Azerbaijani rhythmic gymnast

Ayshan Bayramova (born 24 December 1998) is a former Azeri rhythmic gymnast, specialised in the group category.

==Personal life==
Bayramova started her sport career encouraged by her mom, that aimed to become a rhythmic gymnast herself in her youth, along with her twin when she was seven. In addition to the aforementioned twin, Turkan, she has a younger brother, Sarkhan that practises judo. Her childhood idol was Alina Kabaeva, before switching to Yana Kudryavtseva that she called "the ideal gymnast". Her hobbies include watching TV series, taking walks, spending time with friends. Bayramova is studying at the Azerbaijan State Academy of Physical Education and Sport in Baku. In 2016 she was chosen as the ambassador of SmartScoring.

==Gymnastics career==
Bayramova first competitions in 2015 were the World Cups in Sofia, Tashkent and Budapest as an individual but she didn't make it to finals. She then competed the European Championship in Minsk where the individual team finished in 5th. She was selected for the European Games in 2015, as both individual and group to substitute Gulsum Shafizadeh that was injured. In September she competed at the World Championship in Stuttgart as an individual, her best placement was 5th with the team.
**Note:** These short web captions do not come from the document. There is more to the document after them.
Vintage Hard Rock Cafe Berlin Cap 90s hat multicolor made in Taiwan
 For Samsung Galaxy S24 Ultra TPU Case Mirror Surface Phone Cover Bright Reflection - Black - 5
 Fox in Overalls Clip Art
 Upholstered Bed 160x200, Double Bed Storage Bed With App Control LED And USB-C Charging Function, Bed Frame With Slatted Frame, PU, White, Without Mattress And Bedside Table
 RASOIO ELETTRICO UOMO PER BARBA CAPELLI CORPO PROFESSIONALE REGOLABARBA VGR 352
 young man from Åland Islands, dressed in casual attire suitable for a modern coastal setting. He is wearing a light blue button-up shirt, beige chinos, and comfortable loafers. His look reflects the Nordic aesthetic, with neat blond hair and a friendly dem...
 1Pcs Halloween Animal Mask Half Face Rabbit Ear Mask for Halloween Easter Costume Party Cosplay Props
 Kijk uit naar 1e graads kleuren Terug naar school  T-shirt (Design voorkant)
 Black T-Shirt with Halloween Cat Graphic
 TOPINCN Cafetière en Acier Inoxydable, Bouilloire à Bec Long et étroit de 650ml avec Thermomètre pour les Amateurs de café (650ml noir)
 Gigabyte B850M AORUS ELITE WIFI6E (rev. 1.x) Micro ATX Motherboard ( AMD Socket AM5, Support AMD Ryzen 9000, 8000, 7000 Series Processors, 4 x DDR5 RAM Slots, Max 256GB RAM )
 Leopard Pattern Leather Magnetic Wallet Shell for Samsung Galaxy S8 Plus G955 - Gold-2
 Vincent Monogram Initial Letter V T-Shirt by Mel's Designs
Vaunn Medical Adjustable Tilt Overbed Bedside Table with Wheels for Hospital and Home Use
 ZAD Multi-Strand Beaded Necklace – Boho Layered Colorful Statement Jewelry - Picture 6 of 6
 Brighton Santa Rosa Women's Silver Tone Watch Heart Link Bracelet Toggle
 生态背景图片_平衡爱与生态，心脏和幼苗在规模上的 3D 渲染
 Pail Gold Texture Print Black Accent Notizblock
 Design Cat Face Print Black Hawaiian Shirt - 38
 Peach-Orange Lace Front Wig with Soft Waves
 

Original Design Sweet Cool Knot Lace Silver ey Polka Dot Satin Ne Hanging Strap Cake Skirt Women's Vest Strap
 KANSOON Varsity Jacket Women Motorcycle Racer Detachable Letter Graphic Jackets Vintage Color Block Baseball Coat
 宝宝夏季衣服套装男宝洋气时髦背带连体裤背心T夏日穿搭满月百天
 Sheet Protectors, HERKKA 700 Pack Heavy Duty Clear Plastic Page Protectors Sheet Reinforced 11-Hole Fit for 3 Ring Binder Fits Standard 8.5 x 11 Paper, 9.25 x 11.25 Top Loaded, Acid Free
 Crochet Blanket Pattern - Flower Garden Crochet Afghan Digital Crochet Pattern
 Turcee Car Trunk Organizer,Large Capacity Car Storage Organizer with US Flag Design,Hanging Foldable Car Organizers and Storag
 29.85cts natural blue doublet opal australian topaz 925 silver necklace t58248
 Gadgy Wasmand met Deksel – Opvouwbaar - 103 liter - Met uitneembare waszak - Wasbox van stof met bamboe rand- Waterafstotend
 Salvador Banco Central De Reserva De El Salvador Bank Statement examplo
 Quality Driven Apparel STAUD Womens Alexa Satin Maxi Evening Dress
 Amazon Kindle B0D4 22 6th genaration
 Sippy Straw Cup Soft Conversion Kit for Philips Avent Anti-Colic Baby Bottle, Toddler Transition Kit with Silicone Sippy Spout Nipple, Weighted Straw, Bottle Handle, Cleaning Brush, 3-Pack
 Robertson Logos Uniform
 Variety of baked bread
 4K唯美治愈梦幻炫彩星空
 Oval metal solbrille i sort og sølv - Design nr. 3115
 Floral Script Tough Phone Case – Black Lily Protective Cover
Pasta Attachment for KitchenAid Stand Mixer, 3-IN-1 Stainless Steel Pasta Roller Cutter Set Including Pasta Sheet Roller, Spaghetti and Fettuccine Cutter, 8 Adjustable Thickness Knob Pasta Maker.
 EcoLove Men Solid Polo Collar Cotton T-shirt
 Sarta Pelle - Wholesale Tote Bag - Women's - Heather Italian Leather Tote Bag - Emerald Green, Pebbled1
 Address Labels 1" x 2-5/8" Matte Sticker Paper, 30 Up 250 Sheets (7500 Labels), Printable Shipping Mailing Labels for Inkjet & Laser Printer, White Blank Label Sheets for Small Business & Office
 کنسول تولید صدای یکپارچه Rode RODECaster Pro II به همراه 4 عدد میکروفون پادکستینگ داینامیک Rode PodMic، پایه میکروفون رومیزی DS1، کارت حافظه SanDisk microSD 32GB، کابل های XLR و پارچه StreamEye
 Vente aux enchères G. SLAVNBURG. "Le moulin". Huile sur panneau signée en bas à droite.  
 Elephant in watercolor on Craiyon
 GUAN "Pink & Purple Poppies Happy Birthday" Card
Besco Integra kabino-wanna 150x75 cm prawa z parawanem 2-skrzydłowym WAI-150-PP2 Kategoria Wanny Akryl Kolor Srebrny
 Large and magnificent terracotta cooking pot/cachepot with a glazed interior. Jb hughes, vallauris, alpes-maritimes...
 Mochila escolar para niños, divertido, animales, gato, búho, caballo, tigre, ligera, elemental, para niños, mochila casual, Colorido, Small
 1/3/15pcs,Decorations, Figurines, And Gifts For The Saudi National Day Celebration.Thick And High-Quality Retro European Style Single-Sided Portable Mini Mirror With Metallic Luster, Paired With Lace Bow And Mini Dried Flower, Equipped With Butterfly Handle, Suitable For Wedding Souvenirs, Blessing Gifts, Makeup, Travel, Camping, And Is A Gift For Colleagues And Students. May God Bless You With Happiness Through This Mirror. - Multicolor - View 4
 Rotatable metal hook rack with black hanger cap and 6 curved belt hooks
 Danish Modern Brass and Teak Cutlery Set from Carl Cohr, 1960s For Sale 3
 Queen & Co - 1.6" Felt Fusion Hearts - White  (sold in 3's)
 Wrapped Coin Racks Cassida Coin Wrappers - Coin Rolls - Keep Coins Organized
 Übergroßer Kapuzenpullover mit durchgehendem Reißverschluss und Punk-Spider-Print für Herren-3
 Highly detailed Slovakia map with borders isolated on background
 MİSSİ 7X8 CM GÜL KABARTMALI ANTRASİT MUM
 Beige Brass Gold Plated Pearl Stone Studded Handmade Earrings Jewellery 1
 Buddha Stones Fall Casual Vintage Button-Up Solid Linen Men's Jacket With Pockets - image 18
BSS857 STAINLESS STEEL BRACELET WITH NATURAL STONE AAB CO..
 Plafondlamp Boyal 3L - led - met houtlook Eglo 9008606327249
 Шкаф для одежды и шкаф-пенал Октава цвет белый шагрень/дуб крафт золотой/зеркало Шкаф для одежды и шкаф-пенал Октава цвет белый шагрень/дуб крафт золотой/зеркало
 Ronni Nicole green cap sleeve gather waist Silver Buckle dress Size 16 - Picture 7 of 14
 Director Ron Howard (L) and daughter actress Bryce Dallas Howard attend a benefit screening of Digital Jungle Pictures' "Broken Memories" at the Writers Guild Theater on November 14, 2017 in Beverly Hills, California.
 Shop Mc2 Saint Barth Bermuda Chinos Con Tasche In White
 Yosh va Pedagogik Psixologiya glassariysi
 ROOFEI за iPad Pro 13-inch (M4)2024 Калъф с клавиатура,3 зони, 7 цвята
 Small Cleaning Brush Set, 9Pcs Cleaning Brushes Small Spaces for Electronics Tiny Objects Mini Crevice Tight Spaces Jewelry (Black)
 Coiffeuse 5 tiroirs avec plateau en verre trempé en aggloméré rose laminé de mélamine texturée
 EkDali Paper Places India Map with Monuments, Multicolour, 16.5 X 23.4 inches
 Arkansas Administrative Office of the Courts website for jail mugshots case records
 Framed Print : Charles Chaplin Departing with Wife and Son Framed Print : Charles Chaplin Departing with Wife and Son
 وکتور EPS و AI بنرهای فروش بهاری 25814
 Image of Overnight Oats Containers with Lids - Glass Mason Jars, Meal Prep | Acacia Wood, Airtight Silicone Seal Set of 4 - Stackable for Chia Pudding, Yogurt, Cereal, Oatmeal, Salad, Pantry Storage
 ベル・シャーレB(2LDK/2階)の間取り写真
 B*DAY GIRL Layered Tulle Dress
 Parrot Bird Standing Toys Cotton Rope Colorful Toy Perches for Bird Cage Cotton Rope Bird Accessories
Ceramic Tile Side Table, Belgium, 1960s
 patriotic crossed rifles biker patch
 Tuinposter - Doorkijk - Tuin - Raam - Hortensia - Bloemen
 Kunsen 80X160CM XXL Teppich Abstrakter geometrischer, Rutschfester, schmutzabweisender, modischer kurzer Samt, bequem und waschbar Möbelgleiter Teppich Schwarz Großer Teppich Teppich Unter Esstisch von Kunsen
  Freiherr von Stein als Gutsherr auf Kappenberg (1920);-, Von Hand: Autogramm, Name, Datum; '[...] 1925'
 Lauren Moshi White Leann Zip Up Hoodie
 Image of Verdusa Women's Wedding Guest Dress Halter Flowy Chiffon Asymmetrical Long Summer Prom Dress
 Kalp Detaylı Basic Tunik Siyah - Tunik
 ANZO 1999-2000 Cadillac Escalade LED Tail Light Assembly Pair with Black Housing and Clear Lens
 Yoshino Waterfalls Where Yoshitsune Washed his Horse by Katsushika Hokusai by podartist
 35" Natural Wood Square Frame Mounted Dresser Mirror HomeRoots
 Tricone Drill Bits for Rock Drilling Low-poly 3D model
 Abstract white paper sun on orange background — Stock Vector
She made the switch to group in 2016, competing at the European Championship in Holon where the group made it to the 5 ribbons final, ending in 8th. Thanks to their result in the championship they were able to attend the Rio Olympics' qualification but they did not get a spot.

In 2017 she first competed in the Berlin World Cup, finishing 8th in the ribbon final. In the summer Bayramova represented Azerbaijan at the World Games, not making any final. At the World Championship in Pesaro she once again competed in both individual and group making the 5 hoops and 3 balls + 2 ribbons finals' finishing 6th and 7th.

In 2018 she was selected for the European Championship in Guadalajara, where the Azeri group won a bronze medal in the 3 balls + 2 ropes final, and the World Championship in Sofia, the group was 7th in the All-Around, 5th in the 5 hoops final and 7th in the 3 balls + 2 ropes final.

In 2019 she was part of the group for the World Championship, they ended 8th in the All-Around taking the last qualifying spot for the 2020 Olympics, 5th in the 5 balls final and 7th in the 3 hoops + 2 clubs final.

In December 2019 the Azerbaijan Gymnastics Federation announced that she had retired from the sport.